Выпуск телевизионной программы от 6 ноября 2013 года. Ведущий – Андрей Максимов. Участники – сценаристы Павел Финн, Александр Миндадзе и Александр Гельман (далее в тексте все они вместе обозначаются для краткости ФМГ).
Выпуск передачи "Наблюдатель" от 6.11.2013
Передача была посвящена 90-летию со дня рождения замечательного сценариста Анатолия Гребнева (1923-2002). Но в данном случае меня интересует не Гребнев. В передаче этой есть один поразительный момент. Точнее, этот момент вполне обычен для ментальности порядочных людей сегодняшней России, но тут он проявился очень выпукло и четко.
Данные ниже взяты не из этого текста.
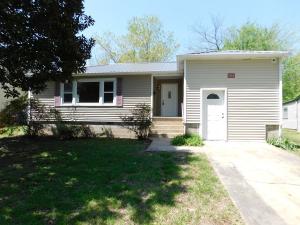 Convenient to Anywhere!! Great location in Harrison located near hospital and easy to travel anywhere in town. Home includes nice yard, shade trees, beautiful hardwood floors, new insulated windows and new metal roof plus extra space in utility room area for hobby room or work area. Concrete drive in front with extra access from alley and parking in back yard. Come see!!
Максимов долго пристает к ФМГ с вопросом: «Хуже сейчас обстоят дела со сценарным творчеством и вообще с кино или нет?» Он именно не спрашивает это, а пристает, и я понимаю, почему. Максимов всегда строит свои передачи на мелодраматизации: если речь идет о некоем выдающемся деятеле советской эпохи, ему надо обязательно показать, что того гнобили, что он был обделен признанием, что ему завидовали. Причем если взят деятель Х, то Максимов будет намекать, что ему завидовал, хоть и был притом куда более успешен, конформист Y; если же взят Y, то Максимов будет с такой же настырностью намекать, что завидовал и был более успешен конформист Х. То есть непременно должны быть святой и злодей. В базаре о недавнем прошлом России таким тотальным злодеем у Максимова всегда является советская власть как таковая, причем он, немолодой совсем человек, строит из себя ребенка и удивляется, когда из разговора тех, кого он интервьюирует, как-то вдруг явствует, что советская власть не была такой уж огульно черной. Например, в этой передаче Гельман рассказал, как однажды (видимо, в 70-е годы) они с Гребневым дали по десятке охраннику дачи Сталина в Матвеевском, долго ходили по этой даче и толковали о феномене культа личности и вообще о политике. Максимов изумлен: «Вы могли там так спокойно ходить и говорить об этом?» А то он думал, что их за это должны были немедленно расстрелять! Максимов как бы строит свои передачи в расчете на американцев, которые любые кошмары готовы допустить в отношении «империи зла»; или на пенсионеров с Брайтона, которые всю жизнь хаяли совок на кухнях и в курилках, но все равно им приятно представить (это делает их очень смелыми в собственных глазах), что за такой треп можно было загреметь в «гулаг»; или на молодых русских людей, которые ничего не понимают про СССР. Но не подумайте, чего доброго, будто Максимов на деле ненавидит совок: говорю же вам, ему просто надо добиться мелодраматического эффекта. Когда обсуждают современную Россию, он, ради того же эффекта, уже гнет, наоборот, к тому, что при СССР и люди были более моральными, и культура процветала, ибо не зависела от власти денег, и трава была зеленей, и небо голубей.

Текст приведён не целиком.